3) Franchise, yaitu sistem dan cara-cara bisnis itu sendiri. Ini merupakan pengetahuan atau spesifikasi usaha dari franchisor yang dijual kepada franchisee. (Suhamoko, 2004 : 188)

Waralaba dapat dibedakan dalam dua bentuk, yaitu waralaba produk dan merek dagang (product and trade franchise) dan waralaba format bisnis (buisness format franchise). Waralaba produk dan merek dagang adalah bentuk waralaba yang paling sederhana. Dalam waralaba produk dan merek dagang, pemberi waralaba memberikan hak kepada penerima waralaba untuk menjual produk yang dikembangkan oleh pemberi waralaba yang disertai dengan pemberian izin untuk menggunakan merek dagang milik pemberi waralaba. Atas pemberian izin penggunaan merek dagang tersebut biasanya pemberi waralaba mendapatkan suatu bentuk pembayaran royalty dimuka, dan selanjutnya pemberi waralaba memperoleh keuntungan melalui penjualan produk yang diwaralabakan kepada penerima waralaba. Dalam bentuknya yang sangat sederhana ini, waralaba produk dan merek dagang sering kali mengambil bentuk keagenan, distributor, atau lisensi penjualan. Contoh dari bentuk ini, misalnya dealer mobil (Auto 2000 dari Toyota) dan stasiun pompa bensin (pertamina).

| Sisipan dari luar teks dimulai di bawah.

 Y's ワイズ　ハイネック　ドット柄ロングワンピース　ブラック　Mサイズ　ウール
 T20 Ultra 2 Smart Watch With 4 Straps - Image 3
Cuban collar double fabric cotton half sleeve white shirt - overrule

Sedangkan waralaba format bisnis adalah pemberian sebuah lisensi oleh seseorang kepada pihak lain, lisensi tersebut memberikan hak kepada penerima waralaba untuk berusaha dengan menggunakan merek dagang atau nama dagang dari pemberi waralaba. Dan untuk menggunakan keseluruhan paket, yang terdiri dari seluruh elemen yang diperlukan untuk membuat seseorang yang sebelumnya belum terlatih menjadi trampil dalam bisnis dan untuk menjalankannya dengan bantuan yang terus menerus atas dasar-dasar yang telah ditentukan sebelumnya. Waralaba format bisnis ini terdiri dari :

1) Konsep bisnis yang menyeluruh dari pemberi waralaba.

2) Adanya proses permulaan dan pelatihan atas seluruh aspek pengelolaan bisnis, sesuai dengan konsep pemberi waralaba.

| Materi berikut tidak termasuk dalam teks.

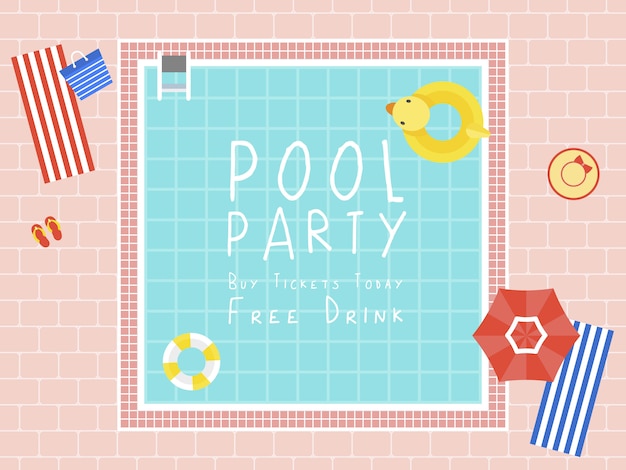 Pool party, Top view Swimming pool vector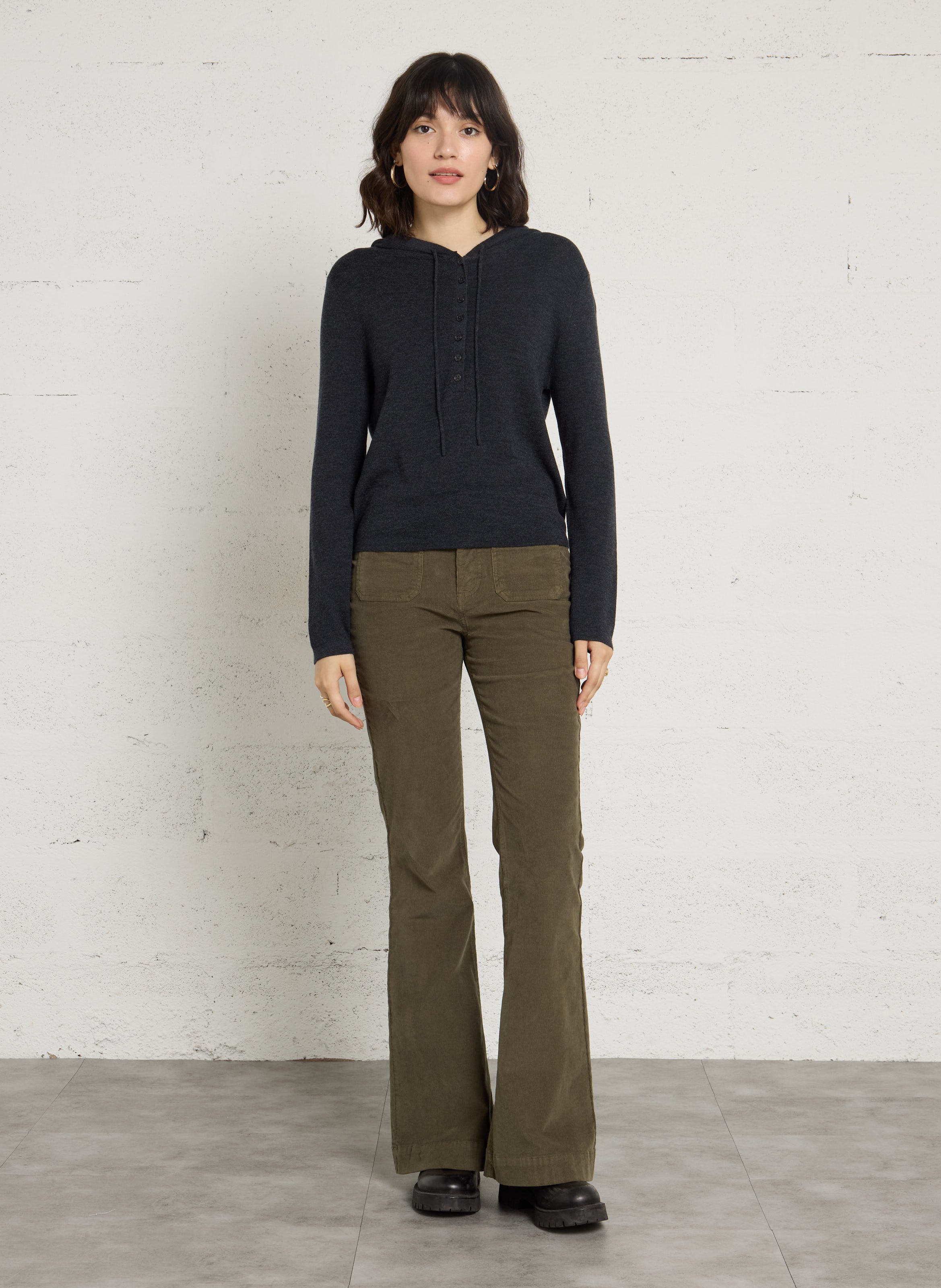 Pull fin boutonné à capuche en laine BERENICE Gris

3) Proses bantuan dan bimbingan yang terus-menerus dari pihak pemberi waralaba.

Dalam bisnis franchise ini, yang diminta dari franchisor oleh

franchisee adalah :

1) Brand name yang meliputi logo, peralatan dan lain-lain. Franchisor yang baik juga memiliki aturan mengenai tampilan / display perwakilan toko (shopfront) dengan baik dan detail.

2) Sistem dan manual oprasional bisnis. Setiap franchisor memiliki standar oprasi yang sistematis, praktis serta mudah untuk diterapkan, dan mestinya juga tertuang dalam bentuk tertulis.

3) Dukungan dalam beroprasi. Karena franchisor memiliki pengalaman yang lebih luas serta sudah membina banyak franchisee, dia seharusnya memiliki kemampuan untuk memberi dukungan bagi franchisee yang baru.

4) Pengawasan (monitoring). Franchisor yang baik melakukan pengawasan terhadap franchisee untuk memastikan, bahwa sistem yang disediakan dijalankan dengan baik dan benar serta secara konsisten.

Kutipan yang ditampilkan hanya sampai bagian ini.